How the data flow works
The project also doesn’t just collect the status of the ships, but also decides which vessels should actually be included. The refresh job pulls inbound vessels and recent arrivals from the configured provider, deduplicates overlapping results, runs each record through an oil-tanker classifier, and then persists the final snapshot. That keeps the output focused on crude and product tankers rather than every ship moving through the region.
There is also a layer of domain-specific cleanup around destinations and vessel status. Port name variants are normalised so messy AIS destination strings still resolve to the right place, and each vessel is assigned a status such as inbound, in_port, or arrived_recently. That combination of classification and normalisation is what turns raw AIS data into something useful instead of a noisy feed. Interstingly, the crew operating the vessel can insert whatever information they want under some of the AIS fields, which makes the process of filtering more interesting.

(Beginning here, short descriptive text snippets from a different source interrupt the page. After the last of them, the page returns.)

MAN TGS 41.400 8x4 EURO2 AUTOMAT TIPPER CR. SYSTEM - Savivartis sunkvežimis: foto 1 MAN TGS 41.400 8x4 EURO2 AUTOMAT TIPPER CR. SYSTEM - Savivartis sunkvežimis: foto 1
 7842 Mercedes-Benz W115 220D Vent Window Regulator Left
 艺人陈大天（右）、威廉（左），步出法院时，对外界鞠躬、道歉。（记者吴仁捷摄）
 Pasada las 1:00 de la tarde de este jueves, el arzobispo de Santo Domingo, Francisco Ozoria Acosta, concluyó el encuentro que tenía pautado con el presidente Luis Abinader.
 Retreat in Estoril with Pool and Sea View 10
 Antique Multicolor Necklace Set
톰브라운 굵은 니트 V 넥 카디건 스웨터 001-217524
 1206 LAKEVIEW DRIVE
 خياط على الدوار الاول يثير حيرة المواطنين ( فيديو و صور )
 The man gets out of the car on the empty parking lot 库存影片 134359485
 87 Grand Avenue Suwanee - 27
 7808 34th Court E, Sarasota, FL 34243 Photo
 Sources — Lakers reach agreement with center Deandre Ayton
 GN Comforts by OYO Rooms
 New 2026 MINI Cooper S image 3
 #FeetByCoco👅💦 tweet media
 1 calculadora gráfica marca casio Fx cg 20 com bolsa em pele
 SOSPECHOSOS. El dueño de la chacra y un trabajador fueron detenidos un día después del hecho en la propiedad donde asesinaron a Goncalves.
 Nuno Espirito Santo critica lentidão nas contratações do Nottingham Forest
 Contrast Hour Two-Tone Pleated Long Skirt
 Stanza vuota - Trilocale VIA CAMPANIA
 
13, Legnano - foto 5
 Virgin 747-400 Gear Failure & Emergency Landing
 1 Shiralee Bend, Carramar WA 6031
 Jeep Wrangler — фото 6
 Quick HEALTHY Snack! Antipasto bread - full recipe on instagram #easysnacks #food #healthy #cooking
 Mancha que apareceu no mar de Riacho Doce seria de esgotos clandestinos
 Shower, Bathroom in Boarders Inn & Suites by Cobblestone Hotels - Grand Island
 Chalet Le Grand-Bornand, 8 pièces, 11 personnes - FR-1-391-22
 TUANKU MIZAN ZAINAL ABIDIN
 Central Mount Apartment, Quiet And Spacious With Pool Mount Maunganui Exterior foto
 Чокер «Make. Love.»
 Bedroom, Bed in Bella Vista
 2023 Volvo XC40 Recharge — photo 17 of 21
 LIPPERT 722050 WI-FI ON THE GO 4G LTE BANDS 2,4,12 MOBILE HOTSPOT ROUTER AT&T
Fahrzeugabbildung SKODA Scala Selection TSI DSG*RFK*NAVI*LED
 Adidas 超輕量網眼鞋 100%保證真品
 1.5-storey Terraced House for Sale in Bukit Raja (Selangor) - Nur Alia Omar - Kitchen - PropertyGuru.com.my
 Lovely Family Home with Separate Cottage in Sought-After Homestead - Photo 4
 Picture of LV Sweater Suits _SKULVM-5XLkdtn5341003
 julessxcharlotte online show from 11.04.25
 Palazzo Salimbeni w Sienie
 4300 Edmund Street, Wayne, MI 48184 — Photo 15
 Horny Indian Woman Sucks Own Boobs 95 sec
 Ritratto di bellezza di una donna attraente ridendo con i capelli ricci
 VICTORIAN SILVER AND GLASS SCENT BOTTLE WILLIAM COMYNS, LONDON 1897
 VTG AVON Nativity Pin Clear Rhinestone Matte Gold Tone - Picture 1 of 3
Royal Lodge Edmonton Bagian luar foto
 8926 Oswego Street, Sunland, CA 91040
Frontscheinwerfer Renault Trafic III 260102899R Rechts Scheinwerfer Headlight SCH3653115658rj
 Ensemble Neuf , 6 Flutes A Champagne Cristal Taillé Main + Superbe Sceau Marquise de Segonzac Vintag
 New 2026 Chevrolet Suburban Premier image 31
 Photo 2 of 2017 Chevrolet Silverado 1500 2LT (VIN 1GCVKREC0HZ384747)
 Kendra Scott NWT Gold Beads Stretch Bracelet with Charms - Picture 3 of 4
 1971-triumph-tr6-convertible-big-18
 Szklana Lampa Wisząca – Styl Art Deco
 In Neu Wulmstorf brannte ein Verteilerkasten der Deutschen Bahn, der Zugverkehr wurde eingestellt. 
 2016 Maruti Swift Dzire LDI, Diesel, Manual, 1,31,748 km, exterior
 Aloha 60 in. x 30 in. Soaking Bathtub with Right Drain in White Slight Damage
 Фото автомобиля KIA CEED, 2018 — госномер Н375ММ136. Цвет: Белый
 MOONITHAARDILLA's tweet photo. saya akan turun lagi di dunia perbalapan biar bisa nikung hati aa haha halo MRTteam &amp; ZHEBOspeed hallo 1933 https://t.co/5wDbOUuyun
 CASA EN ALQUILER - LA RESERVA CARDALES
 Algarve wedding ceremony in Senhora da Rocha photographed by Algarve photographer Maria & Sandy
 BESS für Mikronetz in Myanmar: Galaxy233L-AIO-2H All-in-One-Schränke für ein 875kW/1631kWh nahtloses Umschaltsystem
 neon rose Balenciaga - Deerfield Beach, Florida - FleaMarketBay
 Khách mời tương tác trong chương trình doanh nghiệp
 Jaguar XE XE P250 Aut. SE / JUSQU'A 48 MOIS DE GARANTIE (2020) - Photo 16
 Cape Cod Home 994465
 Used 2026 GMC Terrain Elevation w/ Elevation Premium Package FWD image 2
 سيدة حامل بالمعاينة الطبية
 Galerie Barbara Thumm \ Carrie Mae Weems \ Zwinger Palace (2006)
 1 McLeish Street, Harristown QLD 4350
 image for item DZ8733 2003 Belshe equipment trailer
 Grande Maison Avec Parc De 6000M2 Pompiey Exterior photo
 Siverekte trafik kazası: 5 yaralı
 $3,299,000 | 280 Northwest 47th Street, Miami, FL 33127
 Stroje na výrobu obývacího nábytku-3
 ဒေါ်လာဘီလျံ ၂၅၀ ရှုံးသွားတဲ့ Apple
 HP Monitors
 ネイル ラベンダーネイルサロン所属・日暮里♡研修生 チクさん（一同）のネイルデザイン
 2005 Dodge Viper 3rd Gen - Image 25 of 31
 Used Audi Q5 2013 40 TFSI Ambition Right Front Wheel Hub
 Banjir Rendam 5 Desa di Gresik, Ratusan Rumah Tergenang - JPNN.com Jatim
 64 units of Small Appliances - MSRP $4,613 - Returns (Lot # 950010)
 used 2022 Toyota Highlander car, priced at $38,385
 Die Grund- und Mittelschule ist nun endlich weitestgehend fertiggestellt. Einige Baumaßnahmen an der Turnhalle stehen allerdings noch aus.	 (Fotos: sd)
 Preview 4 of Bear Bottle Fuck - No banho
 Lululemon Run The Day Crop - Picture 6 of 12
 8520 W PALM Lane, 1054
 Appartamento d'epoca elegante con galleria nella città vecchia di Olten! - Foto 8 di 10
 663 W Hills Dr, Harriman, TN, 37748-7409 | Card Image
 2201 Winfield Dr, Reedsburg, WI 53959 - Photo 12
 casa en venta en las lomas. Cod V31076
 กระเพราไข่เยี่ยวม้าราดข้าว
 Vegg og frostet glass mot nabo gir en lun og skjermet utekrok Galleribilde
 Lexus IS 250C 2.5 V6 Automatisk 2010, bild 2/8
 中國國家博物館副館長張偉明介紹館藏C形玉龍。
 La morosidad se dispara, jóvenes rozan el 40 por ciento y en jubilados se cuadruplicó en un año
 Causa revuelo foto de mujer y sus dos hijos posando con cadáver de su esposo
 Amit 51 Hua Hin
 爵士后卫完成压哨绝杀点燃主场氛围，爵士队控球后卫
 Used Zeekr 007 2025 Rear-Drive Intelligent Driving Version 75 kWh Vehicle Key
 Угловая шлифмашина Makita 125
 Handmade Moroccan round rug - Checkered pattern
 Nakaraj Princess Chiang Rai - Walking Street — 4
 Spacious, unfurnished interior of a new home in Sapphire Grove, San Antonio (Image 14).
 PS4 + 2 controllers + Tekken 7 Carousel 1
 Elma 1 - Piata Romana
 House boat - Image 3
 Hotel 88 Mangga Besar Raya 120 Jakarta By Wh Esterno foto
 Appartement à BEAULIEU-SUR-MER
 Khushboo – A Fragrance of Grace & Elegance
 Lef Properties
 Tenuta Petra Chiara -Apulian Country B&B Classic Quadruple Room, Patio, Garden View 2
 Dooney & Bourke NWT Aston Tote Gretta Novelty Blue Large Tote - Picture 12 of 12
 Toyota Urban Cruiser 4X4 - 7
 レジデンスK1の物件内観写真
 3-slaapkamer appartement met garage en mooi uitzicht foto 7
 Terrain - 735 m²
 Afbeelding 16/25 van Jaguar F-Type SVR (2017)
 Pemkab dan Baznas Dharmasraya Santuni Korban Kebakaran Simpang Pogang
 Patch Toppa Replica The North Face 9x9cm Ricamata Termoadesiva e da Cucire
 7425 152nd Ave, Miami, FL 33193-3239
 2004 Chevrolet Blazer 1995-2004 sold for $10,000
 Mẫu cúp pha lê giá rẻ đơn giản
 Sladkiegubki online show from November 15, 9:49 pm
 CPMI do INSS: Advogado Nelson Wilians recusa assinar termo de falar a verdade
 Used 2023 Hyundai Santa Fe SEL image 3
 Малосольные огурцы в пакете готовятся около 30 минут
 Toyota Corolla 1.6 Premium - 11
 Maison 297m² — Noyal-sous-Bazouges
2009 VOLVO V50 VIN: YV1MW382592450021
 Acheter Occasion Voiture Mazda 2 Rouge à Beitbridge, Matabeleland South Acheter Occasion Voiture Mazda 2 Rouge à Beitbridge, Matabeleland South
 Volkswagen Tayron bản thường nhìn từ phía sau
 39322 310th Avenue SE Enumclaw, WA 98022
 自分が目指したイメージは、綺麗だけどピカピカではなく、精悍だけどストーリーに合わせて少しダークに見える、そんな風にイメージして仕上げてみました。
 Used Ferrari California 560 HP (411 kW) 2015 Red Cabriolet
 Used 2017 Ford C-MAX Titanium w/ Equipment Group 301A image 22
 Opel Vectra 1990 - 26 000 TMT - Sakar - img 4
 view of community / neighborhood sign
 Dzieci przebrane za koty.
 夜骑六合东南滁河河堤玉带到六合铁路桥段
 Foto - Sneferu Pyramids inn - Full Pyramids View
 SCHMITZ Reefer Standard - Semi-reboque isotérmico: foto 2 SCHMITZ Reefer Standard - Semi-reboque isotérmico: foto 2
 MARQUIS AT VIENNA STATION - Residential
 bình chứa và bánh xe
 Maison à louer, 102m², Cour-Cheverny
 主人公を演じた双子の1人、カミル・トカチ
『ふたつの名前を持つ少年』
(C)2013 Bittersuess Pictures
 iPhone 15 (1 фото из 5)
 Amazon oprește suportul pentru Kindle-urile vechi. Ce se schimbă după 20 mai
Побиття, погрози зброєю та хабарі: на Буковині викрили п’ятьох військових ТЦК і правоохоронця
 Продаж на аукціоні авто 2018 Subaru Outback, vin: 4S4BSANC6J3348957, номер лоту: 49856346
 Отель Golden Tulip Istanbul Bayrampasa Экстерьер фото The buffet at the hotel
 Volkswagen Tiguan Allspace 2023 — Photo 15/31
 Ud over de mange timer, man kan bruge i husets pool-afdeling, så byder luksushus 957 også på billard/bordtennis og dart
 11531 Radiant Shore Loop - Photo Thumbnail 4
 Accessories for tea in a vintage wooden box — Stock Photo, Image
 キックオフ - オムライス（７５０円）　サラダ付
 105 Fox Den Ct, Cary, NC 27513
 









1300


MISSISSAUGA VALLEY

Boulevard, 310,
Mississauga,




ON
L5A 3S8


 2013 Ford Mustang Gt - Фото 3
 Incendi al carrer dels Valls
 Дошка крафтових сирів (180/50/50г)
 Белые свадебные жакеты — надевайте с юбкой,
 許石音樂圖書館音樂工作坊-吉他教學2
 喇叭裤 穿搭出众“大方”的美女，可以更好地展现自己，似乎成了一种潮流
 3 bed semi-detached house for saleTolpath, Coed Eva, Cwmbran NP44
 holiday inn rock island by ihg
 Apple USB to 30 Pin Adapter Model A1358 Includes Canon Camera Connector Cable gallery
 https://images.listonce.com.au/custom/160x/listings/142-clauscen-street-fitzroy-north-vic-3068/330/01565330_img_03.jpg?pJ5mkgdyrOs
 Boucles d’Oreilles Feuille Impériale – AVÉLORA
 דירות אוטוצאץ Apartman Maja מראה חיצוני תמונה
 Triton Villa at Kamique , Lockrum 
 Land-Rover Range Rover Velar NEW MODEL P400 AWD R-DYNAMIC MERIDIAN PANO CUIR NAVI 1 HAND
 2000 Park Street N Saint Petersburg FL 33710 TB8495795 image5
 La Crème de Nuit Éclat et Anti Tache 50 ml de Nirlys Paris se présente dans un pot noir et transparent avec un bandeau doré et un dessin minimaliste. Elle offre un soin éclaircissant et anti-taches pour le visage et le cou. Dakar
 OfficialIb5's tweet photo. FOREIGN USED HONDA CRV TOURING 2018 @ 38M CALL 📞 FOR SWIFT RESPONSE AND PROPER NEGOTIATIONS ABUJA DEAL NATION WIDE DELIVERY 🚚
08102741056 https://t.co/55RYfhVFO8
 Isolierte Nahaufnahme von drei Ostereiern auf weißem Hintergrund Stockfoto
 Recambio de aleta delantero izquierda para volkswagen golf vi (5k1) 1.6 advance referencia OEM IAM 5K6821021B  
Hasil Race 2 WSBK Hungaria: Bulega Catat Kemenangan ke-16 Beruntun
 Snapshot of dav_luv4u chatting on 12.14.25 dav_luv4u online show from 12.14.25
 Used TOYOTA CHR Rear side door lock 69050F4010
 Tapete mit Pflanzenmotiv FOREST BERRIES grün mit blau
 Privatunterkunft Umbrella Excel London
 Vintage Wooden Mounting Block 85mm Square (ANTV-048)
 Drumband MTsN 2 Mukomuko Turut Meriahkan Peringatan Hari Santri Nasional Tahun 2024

Provider and deployment model
The service is built around a provider interface, which means the domain logic does not need to know whether the data comes from a mock feed, AISstream, or a future provider. At the moment the production-oriented path is the AISstream integration, which uses bounded collection windows over New Zealand waters and the Marsden Point area to gather live AIS messages and map them into the internal vessel model.
On the delivery side, the API is designed to be simple to deploy. The project includes a standard long-running server entry point as well as a separate container creation under ghcr.io, that is then pulled into my Podman container infrastructure. The data refresh is handled independently by a GitHub Actions workflow that runs once per day on a cron schedule and can also be triggered manually when needed. That separation matters because the refresh pipeline can take longer than a short-lived serverless request, so GitHub Actions handles the collection and persistence work while the API serves the latest stored snapshot.
Technology notes
- Node.js is the runtime that executes the API service, refresh job, and the rest of the application code.
- TypeScript provides the type-safe structure around the domain logic, provider integrations, and API layers.
- Fastify is the web framework used to expose the HTTP endpoints that serve the latest vessel snapshot.
- Zod is used to validate configuration and keep environment-driven settings explicit and predictable.
- libSQL is the SQLite-compatible database layer used for storing the vessel snapshots.
- Turso is the remote database option behind that libSQL-compatible storage setup.
- AISstream is the live AIS data source used to collect vessel movements and destination information.
- GitHub Actions runs the scheduled refresh workflow and also supports manual refresh runs when needed.
- Podman is the container runtime I use to pull and run the built image in my own infrastructure.